Aim of a 'normal life'
Most children with SLIs have quite severe language problems and can spend at least 50% of their education in specialist language units, staffed by specialist teachers and speech therapists, rather than mainstream schools.
The aim is to enable them to go back into mainstream primary or secondary school, and that they can achieve a level of language which allows them to function in society, get a job and lead a normal life as an adult.
Prof Conti-Ramsden's current research project is concerned with finding out what happens to such children as adults.
Ross Watson, 25, forms part of her study - the largest of its kind in the UK.
He spent most of his primary education in a speech and language unit, returning to mainstream education in Year 6. He remembers it as a tough time in his life.
"They didn't help much to begin with. There was a lot of mickey-taking from the other kids. And I got frustrated and upset because I couldn't do things.
"I didn't understand why they made me do music lessons when it would have been better to do extra English instead."
In the end, Ross got nine GCSEs, impressing himself and his teachers with a C in French and a D in English.
Finding a voice
But he is honest about how his language impairment has affected him.
He has always found it hard to put sentences together, he finds himself getting edgy in new situations and uncomfortable when he has to communicate with people, particularly face to face.
"Talking on the phone is easier in some ways because I can't see facial expressions, which makes it worse to communicate because I'm always wondering what they're thinking."
He says he can't work out when people are being sarcastic, which has led to lots of awkward situations in the past - and he suffers from short-term memory loss.
"I'm still forgetful. I forget to call people back a lot. I have to write it down to remember.

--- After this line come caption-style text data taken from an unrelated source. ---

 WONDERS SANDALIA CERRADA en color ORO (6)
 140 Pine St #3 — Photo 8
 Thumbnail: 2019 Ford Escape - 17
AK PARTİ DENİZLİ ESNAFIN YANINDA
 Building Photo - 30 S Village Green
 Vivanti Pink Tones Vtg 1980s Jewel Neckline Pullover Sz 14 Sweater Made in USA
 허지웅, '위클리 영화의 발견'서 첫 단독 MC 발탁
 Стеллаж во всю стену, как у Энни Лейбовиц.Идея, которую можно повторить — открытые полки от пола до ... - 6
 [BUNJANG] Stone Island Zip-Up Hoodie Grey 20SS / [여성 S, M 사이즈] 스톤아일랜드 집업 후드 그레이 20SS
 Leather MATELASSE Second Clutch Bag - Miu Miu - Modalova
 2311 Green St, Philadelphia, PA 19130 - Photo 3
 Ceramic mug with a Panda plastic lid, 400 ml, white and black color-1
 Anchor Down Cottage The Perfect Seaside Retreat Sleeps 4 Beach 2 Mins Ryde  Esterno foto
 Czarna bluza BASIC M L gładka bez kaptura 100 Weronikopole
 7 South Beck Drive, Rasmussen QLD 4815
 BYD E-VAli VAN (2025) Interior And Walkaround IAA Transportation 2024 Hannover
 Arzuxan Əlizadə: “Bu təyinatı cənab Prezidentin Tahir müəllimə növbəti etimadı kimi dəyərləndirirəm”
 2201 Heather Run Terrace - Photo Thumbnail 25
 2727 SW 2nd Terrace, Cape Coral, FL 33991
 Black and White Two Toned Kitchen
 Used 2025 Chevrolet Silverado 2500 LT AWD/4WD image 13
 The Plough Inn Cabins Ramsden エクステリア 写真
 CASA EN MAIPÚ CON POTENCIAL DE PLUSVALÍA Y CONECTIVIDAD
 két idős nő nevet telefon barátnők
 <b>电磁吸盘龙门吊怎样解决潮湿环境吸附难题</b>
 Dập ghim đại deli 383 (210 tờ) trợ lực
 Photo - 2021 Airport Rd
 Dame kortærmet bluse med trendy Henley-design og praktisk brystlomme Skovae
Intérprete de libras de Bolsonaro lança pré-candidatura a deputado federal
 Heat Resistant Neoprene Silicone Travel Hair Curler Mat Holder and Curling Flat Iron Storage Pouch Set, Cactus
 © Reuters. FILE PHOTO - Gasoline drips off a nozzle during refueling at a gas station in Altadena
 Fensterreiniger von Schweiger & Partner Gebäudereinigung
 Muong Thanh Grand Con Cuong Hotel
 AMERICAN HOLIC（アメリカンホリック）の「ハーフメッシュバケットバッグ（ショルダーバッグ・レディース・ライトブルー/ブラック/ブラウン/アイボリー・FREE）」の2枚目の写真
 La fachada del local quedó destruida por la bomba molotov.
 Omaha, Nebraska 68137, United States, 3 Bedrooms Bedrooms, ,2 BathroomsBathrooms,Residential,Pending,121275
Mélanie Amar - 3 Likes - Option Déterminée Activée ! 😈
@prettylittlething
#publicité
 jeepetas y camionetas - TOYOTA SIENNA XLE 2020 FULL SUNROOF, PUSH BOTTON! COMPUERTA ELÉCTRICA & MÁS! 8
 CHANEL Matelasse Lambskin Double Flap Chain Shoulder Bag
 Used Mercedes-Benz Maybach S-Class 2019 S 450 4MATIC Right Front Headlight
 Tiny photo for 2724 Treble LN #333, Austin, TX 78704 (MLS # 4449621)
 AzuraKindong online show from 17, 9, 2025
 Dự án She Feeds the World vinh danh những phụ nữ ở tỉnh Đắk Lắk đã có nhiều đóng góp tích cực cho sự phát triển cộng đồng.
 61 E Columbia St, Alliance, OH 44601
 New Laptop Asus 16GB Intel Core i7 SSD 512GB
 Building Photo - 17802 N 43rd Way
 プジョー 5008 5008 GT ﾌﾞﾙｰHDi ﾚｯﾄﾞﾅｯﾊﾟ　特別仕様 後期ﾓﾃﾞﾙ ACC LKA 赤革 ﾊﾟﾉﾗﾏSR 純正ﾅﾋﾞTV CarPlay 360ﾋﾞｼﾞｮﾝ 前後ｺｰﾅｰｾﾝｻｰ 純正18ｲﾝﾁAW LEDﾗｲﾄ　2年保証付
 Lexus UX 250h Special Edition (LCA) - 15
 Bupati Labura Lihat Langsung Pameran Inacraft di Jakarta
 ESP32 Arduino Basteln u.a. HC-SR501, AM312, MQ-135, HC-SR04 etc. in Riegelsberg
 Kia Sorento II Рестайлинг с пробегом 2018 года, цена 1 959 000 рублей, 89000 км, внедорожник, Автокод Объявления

And I still find reading hard. I have to use a highlighter pen.
"And in a group situation I don't say things first. I don't like to say anything too early in case I've misunderstood something."
However, Ross has come a long way since he was a "very quiet boy in the classroom" who had trouble finding his voice.
He went on to do a course in mechanical engineering at college and now works as a quality inspector of machine parts. In between he spent six years on an apprenticeship at a major defence company.
But not everyone is as lucky as him.
Afasic, the charity which supports children and parents with speech, language and communication needs, says 6% of children starting school have some degree of speech or language difficulty. Around one in 500 are thought to have a serious long-term problem.
Picking it up early is important, says Alison Huneke, helpline manager at Afasic.
"There's more time to address it if it's picked up at this stage and then the child has less experience of failing and losing ground.
"But some schools are good at recognising these problems and some aren't."
In fairness, she says it isn't always easy to recognise a specific language impairment. While in some children it will be obvious, others may need a speech and language assessment first - and it is possible it could be misdiagnosed.
As we grow up language is fundamental to virtually everything we do, says Prof Conti-Ramsden, and problems with it can be linked to issues which develop later in life, like anxiety and depression.
The worst-case scenario is that children with specific language impairments become young offenders, since around half of this group of people are thought to have language problems.
Although young people with SLIs look normal, they can suffer from loneliness, struggle to form close friendships and grow up dependent on their parents. Employment is also hard to secure.
But as an adult it is also possible to focus on the things you enjoy and are good at, much more so than at school.
There are lots of things that Ross still doesn't find easy, such as writing reports, talking on the phone, detecting sarcasm and speaking to his boss, but he believes he acquired an inner strength from his early years of intensive speech and language therapy.
This, he says, makes him quietly confident that he has the skills to compete with the brightest and best in society.